Can you set down, exactly as they appear below, the lines from the opening of the material through the one bearing "generally applicable tool", minus the pictures?

# Records to use:
----

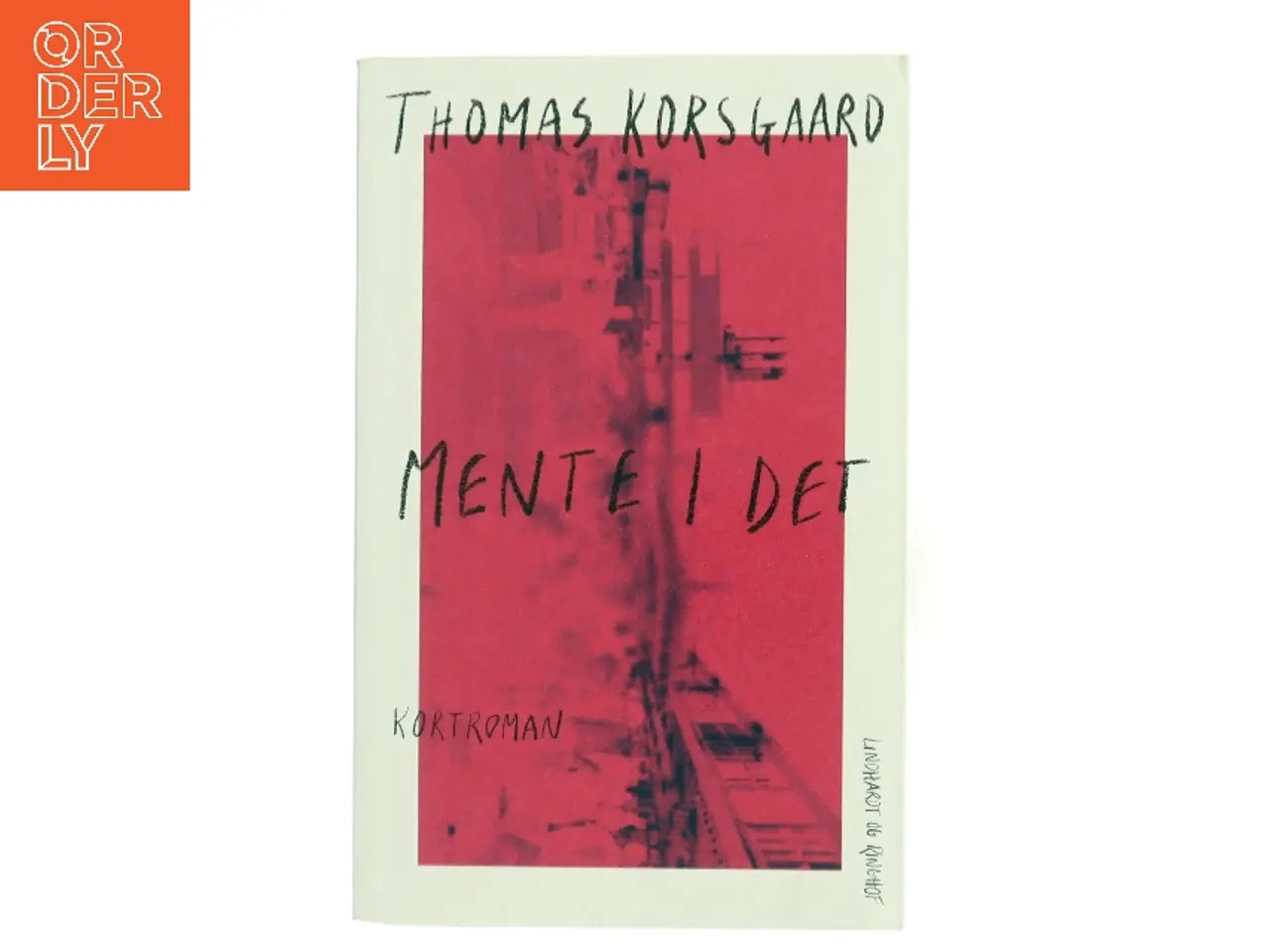 Billede 1 - Mente I det : kortroman af Thomas Korsgaard (1995-) (Bog)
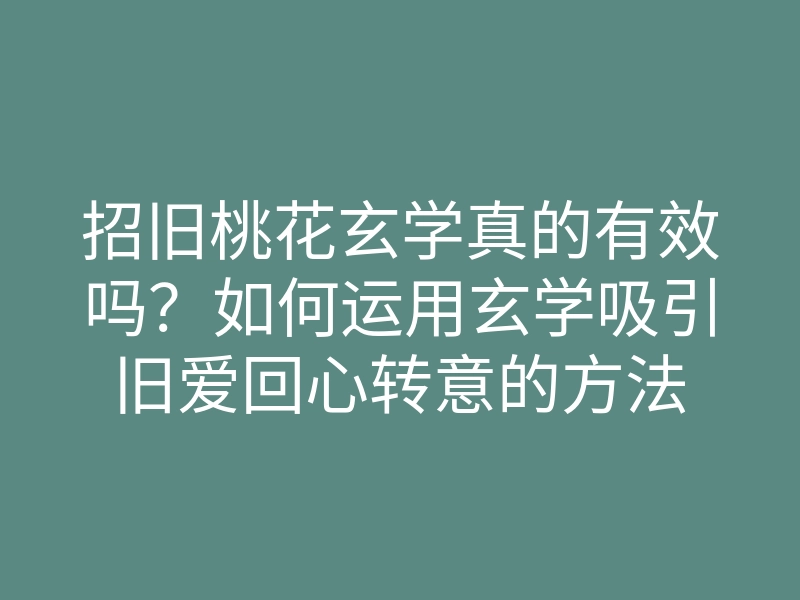 招旧桃花玄学真的有效吗?如何运用玄学吸引旧爱回心转意的方法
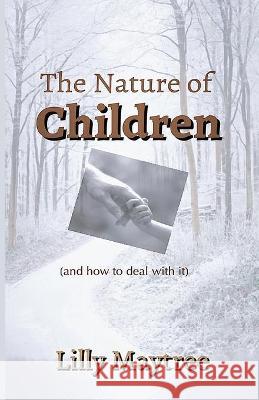 The Nature Of Children: (and how to deal with it) Lilly Maytree 9781944798307 Lightsmith Publishers - książka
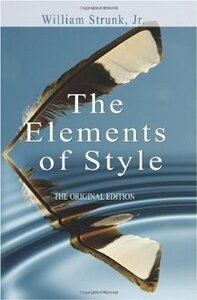 The Elements of Style by William Strunk Jr.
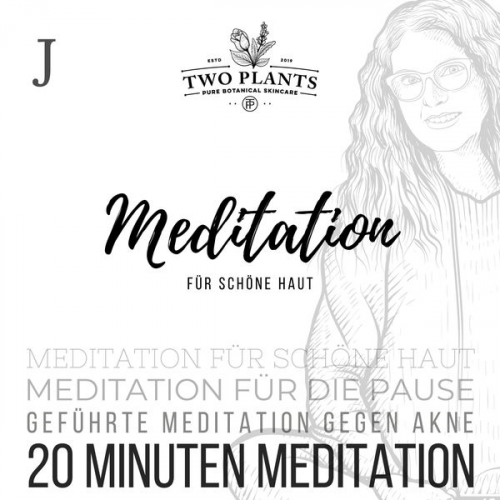 Christiane M. Heyn - Meditation für schöne Haut - Meditation J - 20 Minuten Meditation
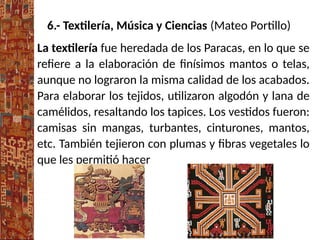 6.- Textilería, Música y Ciencias (Mateo Portillo)
La textilería fue heredada de los Paracas, en lo que se
refiere a la elaboración de finísimos mantos o telas,
aunque no lograron la misma calidad de los acabados.
Para elaborar los tejidos, utilizaron algodón y lana de
camélidos, resaltando los tapices. Los vestidos fueron:
camisas sin mangas, turbantes, cinturones, mantos,
etc. También tejieron con plumas y fibras vegetales lo
que les permitió hacer
 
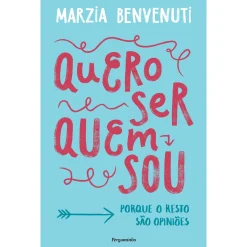 Pergaminho Quero Ser Quem Sou de Marzia Benvenuti
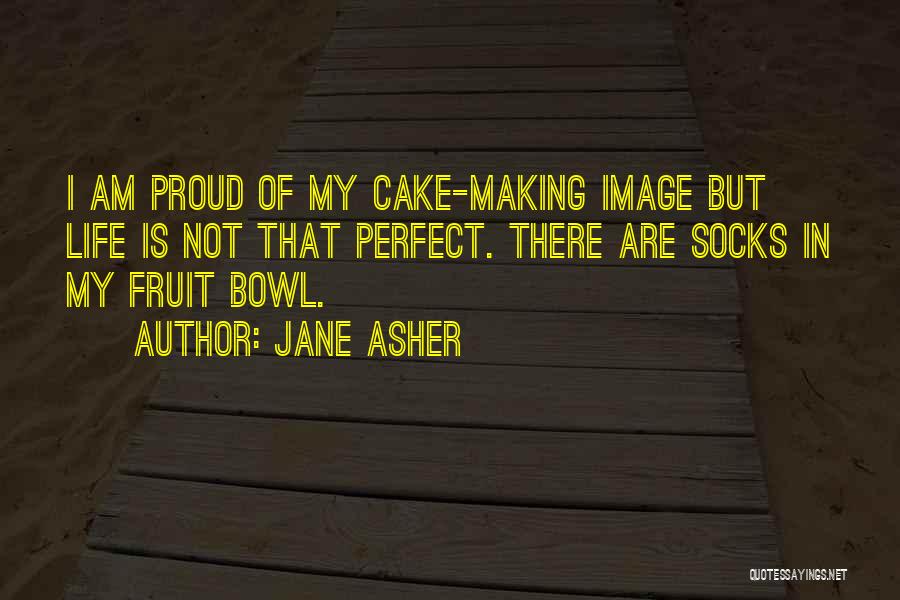 Jane Asher Quotes: I Am Proud Of My Cake-making Image But Life Is Not That Perfect. There Are Socks In My Fruit Bowl.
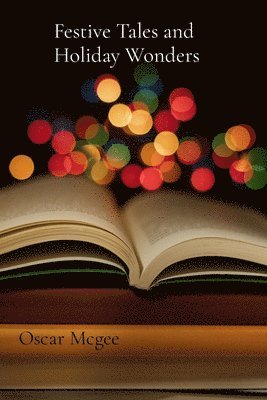 Festive Tales and Holiday Wonders 1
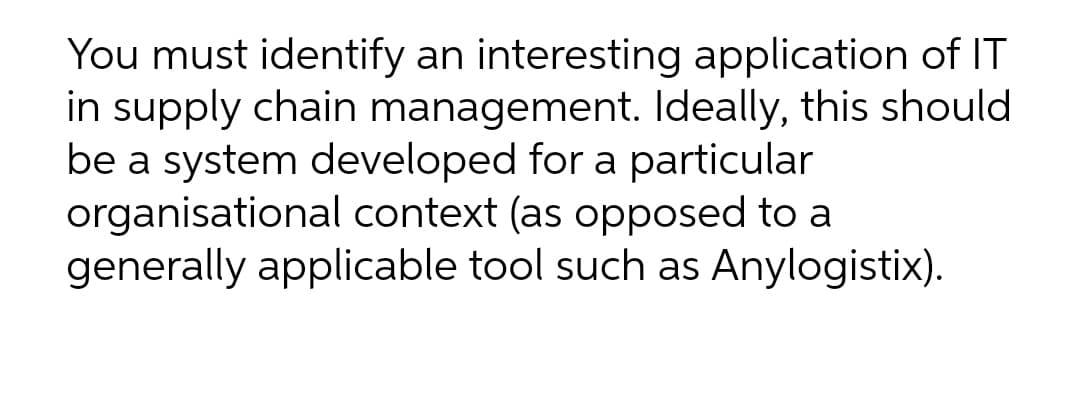 You must identify an interesting application of IT
in supply chain management. Ideally, this should
be a system developed for a particular
organisational context (as opposed to a
generally applicable tool such as Anylogistix).
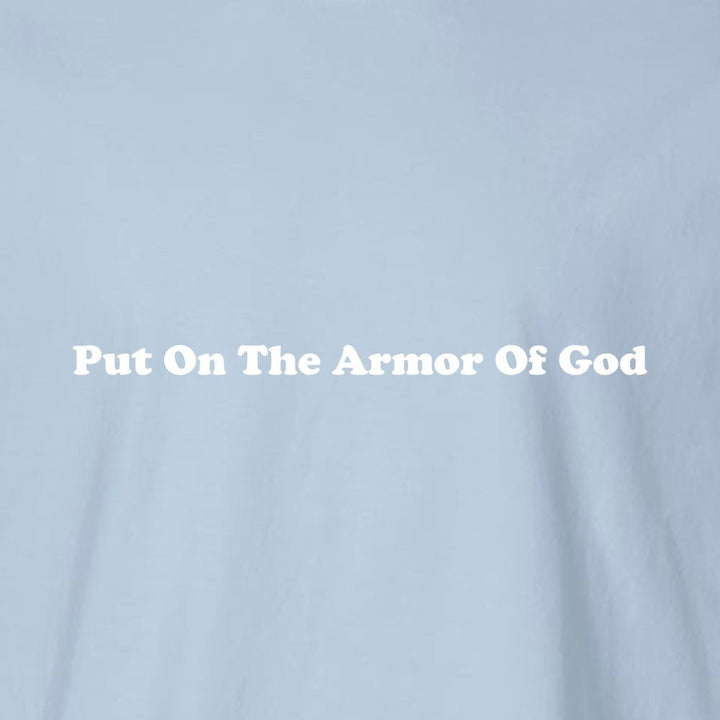 Put On The Armor Of God Unisex Garment - Dyed Tee - Shepherds Shelf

----

# Task output:
 Billede 1 - Mente I det : kortroman af Thomas Korsgaard (1995-) (Bog)
 招旧桃花玄学真的有效吗?如何运用玄学吸引旧爱回心转意的方法
 The Nature Of Children: (and how to deal with it) Lilly Maytree 9781944798307 Lightsmith Publishers - książka
 The Elements of Style by William Strunk Jr.
 Christiane M. Heyn - Meditation für schöne Haut - Meditation J - 20 Minuten Meditation
 6.- Textilería, Música y Ciencias (Mateo Portillo)
La textilería fue heredada de los Paracas, en lo que se
refiere a la elaboración de finísimos mantos o telas,
aunque no lograron la misma calidad de los acabados.
Para elaborar los tejidos, utilizaron algodón y lana de
camélidos, resaltando los tapices. Los vestidos fueron:
camisas sin mangas, turbantes, cinturones, mantos,
etc. También tejieron con plumas y fibras vegetales lo
que les permitió hacer
 
 Pergaminho Quero Ser Quem Sou de Marzia Benvenuti
 Jane Asher Quotes: I Am Proud Of My Cake-making Image But Life Is Not That Perfect. There Are Socks In My Fruit Bowl.
 Festive Tales and Holiday Wonders 1
 You must identify an interesting application of IT
in supply chain management. Ideally, this should
be a system developed for a particular
organisational context (as opposed to a
generally applicable tool such as Anylogistix).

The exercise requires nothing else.